- EXTRACTED ENTRIES
--- START ---

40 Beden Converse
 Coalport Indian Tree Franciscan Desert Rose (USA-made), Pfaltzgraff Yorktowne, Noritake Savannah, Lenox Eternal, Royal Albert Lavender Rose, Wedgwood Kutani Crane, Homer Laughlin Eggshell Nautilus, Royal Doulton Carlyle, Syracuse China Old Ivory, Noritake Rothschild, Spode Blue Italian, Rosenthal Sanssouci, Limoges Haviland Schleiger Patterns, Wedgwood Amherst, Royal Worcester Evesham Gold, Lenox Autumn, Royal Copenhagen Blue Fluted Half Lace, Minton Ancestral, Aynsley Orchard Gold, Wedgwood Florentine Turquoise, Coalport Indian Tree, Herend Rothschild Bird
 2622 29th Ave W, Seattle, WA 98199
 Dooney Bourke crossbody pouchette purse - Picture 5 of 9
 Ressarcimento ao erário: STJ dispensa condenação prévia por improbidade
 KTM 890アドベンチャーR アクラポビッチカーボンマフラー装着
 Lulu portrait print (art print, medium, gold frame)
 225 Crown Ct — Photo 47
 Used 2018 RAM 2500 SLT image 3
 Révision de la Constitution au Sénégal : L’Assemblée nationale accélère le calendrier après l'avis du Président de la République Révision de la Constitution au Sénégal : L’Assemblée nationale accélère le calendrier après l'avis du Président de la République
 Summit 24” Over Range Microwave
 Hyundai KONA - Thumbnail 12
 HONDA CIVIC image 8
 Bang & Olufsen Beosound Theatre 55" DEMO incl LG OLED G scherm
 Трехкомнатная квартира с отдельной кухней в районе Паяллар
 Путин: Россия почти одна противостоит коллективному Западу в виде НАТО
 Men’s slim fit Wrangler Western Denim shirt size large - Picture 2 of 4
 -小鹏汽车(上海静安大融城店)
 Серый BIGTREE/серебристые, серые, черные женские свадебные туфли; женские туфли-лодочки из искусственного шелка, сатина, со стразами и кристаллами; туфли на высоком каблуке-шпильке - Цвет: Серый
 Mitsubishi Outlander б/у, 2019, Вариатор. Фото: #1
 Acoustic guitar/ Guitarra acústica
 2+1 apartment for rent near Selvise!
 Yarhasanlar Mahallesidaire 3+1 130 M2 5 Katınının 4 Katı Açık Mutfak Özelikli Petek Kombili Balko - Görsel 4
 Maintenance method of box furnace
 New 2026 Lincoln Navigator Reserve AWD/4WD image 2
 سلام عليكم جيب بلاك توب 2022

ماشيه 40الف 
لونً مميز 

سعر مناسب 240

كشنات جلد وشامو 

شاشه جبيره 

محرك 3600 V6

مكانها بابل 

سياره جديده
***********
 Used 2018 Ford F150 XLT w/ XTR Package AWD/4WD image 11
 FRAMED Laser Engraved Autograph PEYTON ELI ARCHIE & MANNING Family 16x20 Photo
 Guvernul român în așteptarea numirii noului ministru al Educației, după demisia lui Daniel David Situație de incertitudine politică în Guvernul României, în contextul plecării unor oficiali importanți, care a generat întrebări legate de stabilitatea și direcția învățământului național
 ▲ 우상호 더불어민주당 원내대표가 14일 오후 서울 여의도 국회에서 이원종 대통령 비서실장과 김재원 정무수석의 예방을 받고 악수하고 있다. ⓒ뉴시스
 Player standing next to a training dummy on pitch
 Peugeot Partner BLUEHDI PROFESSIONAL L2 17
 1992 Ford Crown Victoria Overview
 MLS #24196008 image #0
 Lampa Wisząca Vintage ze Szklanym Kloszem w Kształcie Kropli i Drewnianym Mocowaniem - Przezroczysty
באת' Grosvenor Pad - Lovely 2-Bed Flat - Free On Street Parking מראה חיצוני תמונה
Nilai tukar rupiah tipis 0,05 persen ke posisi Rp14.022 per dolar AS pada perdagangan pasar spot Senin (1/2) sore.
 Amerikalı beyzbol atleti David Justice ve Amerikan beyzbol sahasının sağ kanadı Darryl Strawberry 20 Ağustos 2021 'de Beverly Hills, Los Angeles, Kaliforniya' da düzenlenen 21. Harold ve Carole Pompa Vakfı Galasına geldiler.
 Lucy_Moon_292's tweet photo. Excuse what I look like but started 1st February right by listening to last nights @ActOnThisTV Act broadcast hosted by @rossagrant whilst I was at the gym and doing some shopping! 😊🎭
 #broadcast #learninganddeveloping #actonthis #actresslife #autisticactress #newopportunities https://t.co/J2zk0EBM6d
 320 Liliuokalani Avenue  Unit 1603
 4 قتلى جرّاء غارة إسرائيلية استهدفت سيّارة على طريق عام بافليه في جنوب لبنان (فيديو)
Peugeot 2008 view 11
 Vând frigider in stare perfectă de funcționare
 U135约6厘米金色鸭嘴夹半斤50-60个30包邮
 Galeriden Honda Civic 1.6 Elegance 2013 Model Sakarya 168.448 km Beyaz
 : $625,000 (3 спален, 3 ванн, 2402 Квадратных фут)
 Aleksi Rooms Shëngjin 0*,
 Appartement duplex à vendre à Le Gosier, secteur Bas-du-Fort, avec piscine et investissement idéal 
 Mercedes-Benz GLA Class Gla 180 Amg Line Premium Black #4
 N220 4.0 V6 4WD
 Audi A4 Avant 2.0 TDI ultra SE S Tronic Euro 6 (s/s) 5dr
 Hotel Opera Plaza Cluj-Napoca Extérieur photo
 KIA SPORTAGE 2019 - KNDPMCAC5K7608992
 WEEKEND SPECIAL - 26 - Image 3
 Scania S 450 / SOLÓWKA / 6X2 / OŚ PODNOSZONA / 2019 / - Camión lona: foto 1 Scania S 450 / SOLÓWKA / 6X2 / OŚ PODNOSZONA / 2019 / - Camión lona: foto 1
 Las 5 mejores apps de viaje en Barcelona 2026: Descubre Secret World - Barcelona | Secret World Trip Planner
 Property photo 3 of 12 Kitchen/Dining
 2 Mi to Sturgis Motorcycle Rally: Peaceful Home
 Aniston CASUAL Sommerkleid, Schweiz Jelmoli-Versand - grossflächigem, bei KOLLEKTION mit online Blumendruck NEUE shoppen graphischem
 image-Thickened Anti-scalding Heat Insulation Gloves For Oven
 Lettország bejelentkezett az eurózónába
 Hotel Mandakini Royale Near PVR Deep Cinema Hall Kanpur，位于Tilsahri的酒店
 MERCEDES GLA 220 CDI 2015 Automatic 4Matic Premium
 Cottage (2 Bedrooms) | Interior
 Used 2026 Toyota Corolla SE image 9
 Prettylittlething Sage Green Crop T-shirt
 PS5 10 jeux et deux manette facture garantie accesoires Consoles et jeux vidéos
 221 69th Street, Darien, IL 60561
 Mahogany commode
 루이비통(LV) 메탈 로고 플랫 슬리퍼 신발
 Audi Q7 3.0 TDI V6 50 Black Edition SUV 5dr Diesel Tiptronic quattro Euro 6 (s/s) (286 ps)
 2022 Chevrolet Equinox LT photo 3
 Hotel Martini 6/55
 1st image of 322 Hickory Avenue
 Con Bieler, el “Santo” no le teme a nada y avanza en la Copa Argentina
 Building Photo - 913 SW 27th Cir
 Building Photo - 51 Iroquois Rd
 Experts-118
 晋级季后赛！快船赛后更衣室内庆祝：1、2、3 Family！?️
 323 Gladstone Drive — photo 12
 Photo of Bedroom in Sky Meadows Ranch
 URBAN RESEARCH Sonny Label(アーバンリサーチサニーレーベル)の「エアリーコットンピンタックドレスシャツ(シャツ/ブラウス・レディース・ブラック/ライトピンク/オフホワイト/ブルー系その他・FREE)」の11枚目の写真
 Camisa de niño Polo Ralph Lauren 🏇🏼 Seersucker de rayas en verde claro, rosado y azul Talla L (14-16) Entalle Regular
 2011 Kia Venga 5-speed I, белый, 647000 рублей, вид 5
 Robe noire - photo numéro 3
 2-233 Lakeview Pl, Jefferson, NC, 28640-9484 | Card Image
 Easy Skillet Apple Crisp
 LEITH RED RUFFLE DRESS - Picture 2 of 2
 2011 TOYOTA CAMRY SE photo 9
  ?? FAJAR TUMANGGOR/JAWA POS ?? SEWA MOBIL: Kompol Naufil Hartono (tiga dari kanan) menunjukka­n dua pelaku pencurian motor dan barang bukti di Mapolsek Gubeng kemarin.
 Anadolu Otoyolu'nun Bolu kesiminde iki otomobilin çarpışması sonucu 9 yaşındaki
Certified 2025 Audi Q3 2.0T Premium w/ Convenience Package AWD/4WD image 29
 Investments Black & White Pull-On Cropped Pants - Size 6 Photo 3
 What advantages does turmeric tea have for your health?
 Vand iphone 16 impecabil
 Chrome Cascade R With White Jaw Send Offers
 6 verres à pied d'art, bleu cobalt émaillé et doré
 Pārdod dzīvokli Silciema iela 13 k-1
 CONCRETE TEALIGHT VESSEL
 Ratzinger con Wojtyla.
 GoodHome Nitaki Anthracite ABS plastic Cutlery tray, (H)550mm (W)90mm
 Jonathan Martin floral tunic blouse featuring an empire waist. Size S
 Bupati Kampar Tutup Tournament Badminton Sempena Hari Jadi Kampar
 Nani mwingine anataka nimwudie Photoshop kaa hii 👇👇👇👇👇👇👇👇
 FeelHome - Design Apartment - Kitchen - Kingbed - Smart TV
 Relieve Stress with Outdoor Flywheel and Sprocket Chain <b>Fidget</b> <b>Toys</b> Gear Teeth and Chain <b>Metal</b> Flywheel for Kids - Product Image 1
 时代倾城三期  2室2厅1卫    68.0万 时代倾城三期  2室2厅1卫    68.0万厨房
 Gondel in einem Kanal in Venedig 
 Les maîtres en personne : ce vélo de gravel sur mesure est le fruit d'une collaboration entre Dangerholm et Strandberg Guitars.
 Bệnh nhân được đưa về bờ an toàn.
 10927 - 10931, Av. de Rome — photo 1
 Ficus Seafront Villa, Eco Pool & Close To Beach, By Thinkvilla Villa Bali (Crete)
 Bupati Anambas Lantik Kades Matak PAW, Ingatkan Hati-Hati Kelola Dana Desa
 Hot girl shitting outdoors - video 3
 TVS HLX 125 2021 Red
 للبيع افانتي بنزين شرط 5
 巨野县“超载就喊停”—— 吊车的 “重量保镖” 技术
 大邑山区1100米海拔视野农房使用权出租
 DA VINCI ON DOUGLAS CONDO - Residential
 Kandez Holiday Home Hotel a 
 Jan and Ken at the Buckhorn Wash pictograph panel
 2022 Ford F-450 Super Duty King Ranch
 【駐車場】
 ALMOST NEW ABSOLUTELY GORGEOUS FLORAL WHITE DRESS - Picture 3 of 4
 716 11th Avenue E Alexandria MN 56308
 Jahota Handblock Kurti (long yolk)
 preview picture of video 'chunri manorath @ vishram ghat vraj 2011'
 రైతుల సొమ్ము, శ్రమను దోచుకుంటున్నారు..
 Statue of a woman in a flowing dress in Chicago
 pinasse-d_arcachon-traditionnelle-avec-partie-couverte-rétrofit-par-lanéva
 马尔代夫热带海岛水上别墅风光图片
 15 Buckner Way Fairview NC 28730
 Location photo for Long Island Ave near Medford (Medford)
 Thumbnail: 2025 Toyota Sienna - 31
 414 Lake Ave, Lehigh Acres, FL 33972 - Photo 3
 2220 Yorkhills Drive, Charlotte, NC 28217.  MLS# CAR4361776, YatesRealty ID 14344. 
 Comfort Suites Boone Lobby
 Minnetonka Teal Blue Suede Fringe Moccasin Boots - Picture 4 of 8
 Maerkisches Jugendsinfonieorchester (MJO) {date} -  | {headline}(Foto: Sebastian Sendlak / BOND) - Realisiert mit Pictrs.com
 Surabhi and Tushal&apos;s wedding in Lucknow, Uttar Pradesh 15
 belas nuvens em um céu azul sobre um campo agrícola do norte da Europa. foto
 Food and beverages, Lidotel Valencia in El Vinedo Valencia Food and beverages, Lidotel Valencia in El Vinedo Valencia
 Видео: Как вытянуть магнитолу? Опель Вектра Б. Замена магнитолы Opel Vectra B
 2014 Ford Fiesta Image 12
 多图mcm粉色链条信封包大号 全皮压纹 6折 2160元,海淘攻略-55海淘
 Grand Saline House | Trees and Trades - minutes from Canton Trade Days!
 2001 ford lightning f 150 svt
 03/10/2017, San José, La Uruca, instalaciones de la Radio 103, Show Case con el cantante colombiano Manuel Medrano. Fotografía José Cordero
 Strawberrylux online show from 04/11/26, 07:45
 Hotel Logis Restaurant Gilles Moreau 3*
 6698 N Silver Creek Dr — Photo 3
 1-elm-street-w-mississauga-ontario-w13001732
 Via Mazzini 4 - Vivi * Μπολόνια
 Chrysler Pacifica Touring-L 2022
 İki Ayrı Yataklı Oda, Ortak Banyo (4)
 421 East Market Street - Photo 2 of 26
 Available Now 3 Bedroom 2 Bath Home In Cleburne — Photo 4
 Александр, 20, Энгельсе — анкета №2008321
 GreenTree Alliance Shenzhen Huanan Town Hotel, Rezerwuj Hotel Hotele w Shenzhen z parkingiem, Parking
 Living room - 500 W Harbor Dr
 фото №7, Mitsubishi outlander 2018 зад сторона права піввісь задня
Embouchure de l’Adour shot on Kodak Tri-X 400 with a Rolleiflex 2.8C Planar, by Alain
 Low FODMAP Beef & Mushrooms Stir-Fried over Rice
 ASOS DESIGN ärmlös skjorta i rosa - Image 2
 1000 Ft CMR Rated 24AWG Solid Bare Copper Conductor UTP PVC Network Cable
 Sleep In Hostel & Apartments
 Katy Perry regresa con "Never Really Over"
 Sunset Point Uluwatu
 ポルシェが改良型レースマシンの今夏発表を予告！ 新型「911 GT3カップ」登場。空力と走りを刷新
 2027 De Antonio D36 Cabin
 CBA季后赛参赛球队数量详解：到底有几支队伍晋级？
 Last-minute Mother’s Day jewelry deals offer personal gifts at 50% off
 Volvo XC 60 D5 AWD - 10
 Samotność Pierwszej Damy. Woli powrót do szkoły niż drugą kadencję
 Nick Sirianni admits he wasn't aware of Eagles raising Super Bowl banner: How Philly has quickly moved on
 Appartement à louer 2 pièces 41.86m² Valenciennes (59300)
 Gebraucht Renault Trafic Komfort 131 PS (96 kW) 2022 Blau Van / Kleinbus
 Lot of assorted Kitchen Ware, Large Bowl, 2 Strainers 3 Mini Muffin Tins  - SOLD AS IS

--- END ---

- TASK DIRECTIONS
Once you reach the line with "Comfort Suites Boone Lobby" in the data above, copy it and every line after it exactly, up to and including the line with "Maerkisches Jugendsinfonieorchester (MJO)".

- WRITTEN ANSWER
 Comfort Suites Boone Lobby
 Minnetonka Teal Blue Suede Fringe Moccasin Boots - Picture 4 of 8
 Maerkisches Jugendsinfonieorchester (MJO) {date} -  | {headline}(Foto: Sebastian Sendlak / BOND) - Realisiert mit Pictrs.com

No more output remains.